As with Mary, there would have been a thousand and one things to worry about if I had been Joseph. How to come up with tax money, plan a family trip, transport a full-term pregnant wife, and pay for the motel, food and hay for the donkey, besides introducing your new wife in her “circumstances” to your extended family and friends back in your hometown would have been taxing at best. Joseph must have had a wonderfully large heart and strong protective hands to care for Mary and Jesus. I would have loved to have met him and thanked him for his part in the nativity, and asked him if there was something I could do to help.

It would have been a great opportunity to share wealth, talent, and blessings with Mary and Joseph to help them with their responsibility of raising the Son of God.  I imagine the conversations around the campfires at night as the wise men followed the star would have been incredible too. 

To protect and defend the Savior of the world is a privilege. The stable would be a sturdy and admirable choice.

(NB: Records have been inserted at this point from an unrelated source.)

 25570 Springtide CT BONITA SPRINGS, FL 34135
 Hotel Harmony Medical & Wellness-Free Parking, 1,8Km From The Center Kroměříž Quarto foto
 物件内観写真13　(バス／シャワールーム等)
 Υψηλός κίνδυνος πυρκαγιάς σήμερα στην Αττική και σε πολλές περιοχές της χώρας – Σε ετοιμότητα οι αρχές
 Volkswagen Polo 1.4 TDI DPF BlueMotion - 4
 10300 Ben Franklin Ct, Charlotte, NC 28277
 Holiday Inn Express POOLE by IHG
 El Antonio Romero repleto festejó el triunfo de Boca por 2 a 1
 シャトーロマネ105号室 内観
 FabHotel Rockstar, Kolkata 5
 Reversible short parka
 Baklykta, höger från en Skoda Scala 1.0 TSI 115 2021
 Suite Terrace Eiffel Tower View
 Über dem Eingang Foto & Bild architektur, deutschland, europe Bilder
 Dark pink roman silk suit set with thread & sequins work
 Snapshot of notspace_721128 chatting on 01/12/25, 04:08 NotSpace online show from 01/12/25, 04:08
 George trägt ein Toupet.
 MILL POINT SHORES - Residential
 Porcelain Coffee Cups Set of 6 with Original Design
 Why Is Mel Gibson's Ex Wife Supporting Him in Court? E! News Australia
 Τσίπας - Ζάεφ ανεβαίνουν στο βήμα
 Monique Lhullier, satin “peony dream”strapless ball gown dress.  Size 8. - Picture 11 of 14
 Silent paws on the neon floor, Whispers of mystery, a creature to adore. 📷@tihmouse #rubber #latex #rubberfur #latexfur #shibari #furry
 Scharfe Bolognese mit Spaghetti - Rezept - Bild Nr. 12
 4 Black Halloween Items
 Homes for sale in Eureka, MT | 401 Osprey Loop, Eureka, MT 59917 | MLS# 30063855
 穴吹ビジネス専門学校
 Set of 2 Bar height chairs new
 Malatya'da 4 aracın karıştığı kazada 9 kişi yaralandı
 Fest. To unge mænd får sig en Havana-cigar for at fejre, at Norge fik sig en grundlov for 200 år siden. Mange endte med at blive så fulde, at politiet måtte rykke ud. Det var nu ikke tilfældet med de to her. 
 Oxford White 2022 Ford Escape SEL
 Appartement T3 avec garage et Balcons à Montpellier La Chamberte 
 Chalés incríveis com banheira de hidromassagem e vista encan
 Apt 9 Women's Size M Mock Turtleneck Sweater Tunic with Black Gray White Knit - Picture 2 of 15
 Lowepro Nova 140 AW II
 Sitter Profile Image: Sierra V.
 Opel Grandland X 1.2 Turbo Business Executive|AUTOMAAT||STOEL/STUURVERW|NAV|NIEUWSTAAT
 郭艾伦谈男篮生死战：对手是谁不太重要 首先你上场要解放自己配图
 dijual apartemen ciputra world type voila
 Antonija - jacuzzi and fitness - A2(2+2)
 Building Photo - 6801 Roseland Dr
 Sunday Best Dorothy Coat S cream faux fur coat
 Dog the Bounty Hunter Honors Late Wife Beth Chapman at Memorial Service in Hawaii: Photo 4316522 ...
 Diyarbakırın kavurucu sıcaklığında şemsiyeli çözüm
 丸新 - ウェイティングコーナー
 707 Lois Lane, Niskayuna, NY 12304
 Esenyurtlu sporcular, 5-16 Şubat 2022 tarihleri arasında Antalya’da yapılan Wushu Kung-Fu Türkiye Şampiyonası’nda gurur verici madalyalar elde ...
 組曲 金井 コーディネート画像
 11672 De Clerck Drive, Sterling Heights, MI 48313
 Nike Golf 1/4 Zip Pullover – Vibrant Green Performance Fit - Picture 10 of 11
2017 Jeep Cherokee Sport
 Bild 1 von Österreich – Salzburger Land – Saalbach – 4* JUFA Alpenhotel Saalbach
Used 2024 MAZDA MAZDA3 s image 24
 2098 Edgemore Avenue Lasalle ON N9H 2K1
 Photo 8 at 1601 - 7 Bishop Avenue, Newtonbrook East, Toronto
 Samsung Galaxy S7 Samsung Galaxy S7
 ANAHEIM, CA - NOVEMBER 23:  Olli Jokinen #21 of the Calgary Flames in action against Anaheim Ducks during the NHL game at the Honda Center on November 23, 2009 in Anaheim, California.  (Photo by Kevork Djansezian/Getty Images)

The Lord is so generous at providing us with comfort. To have helped meet His mortal needs, even if it were only by being the straw, when He was helpless would also have been an honor. I don’t think I would have wanted to be a goat, but then I didn’t think I would want to be a donkey either until I read this poem:

Mary's Donkey 
by Ann Lundberg Robinson

like Mary's donkey,
we may find
that our greatest glory
has come from
carrying life's burdens with
simple dignity,
from being of humble
service to others,
and taking one earth step
at a time
from patiently enduring. 

And Jesus himself was referred to as the Lamb of God and lambs are cousins to goats. So maybe there really was no insignificant role in the nativity, since all things bear record of the Savior.

I still don’t know who or what I would have wanted to be. But, I do know who I wouldn’t have wanted to be under the new star that night. I would not have wanted to be the inn keeper or the guests. I would not have wanted to be that close to the greatest event in history, a real spiritual opportunity, and then miss it because of my own ignorance or busyness. I would have lots of regrets if I had been the inn keeper or the guests.

I remember rearranging our nativity as a little girl. My younger brother and sisters would rearrange it after me and I’d move them back to the spot I thought they should go after they left. Funny how we get a little certain in our minds about how things must have been that sacred night, and we don’t want them messed with. Like the real story gives me in real life, nativities add substance to the season for me.

What would you have wanted to be?  
Have you got a nativity you feel fondly towards?


Becky said...

I love nativities too and have noticed that I am slowly building a collection.

I have *always* hoped I was one of the angels, singing in the gives me goosebumps every time I think about it.

Loved all of the wise thoughts in this post :)

Ande Payne said...

I loved this blog. I loved hearing what you thought about each role. I think I'd chose the manger too. I'm good at comforting.